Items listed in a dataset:
##########
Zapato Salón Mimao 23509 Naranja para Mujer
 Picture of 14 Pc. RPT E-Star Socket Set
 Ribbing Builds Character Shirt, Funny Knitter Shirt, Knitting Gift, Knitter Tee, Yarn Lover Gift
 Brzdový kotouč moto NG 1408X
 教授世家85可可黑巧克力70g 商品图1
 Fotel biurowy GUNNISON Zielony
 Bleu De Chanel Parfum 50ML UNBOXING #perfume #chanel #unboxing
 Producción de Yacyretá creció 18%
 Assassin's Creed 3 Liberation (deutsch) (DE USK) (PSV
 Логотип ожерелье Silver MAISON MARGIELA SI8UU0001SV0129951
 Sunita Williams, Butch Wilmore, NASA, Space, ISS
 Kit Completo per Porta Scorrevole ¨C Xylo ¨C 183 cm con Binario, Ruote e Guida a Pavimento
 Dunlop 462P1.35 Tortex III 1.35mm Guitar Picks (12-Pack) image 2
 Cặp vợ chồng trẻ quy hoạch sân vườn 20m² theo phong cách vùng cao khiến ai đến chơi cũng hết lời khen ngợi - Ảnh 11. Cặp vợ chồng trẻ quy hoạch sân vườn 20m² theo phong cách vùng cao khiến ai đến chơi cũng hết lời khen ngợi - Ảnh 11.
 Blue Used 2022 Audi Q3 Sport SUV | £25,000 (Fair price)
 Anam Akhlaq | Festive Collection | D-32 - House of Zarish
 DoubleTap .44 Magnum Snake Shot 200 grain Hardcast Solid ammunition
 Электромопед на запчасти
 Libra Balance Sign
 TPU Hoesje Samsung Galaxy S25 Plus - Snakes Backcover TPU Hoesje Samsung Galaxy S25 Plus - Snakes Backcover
##########
INSTRUCTIONS TO FOLLOW:
Extract each record, keeping it identical to the original.

RESULT OF THE TASK:
Zapato Salón Mimao 23509 Naranja para Mujer
 Picture of 14 Pc. RPT E-Star Socket Set
 Ribbing Builds Character Shirt, Funny Knitter Shirt, Knitting Gift, Knitter Tee, Yarn Lover Gift
 Brzdový kotouč moto NG 1408X
 教授世家85可可黑巧克力70g 商品图1
 Fotel biurowy GUNNISON Zielony
 Bleu De Chanel Parfum 50ML UNBOXING #perfume #chanel #unboxing
 Producción de Yacyretá creció 18%
 Assassin's Creed 3 Liberation (deutsch) (DE USK) (PSV
 Логотип ожерелье Silver MAISON MARGIELA SI8UU0001SV0129951
 Sunita Williams, Butch Wilmore, NASA, Space, ISS
 Kit Completo per Porta Scorrevole ¨C Xylo ¨C 183 cm con Binario, Ruote e Guida a Pavimento
 Dunlop 462P1.35 Tortex III 1.35mm Guitar Picks (12-Pack) image 2
 Cặp vợ chồng trẻ quy hoạch sân vườn 20m² theo phong cách vùng cao khiến ai đến chơi cũng hết lời khen ngợi - Ảnh 11. Cặp vợ chồng trẻ quy hoạch sân vườn 20m² theo phong cách vùng cao khiến ai đến chơi cũng hết lời khen ngợi - Ảnh 11.
 Blue Used 2022 Audi Q3 Sport SUV | £25,000 (Fair price)
 Anam Akhlaq | Festive Collection | D-32 - House of Zarish
 DoubleTap .44 Magnum Snake Shot 200 grain Hardcast Solid ammunition
 Электромопед на запчасти
 Libra Balance Sign
 TPU Hoesje Samsung Galaxy S25 Plus - Snakes Backcover TPU Hoesje Samsung Galaxy S25 Plus - Snakes Backcover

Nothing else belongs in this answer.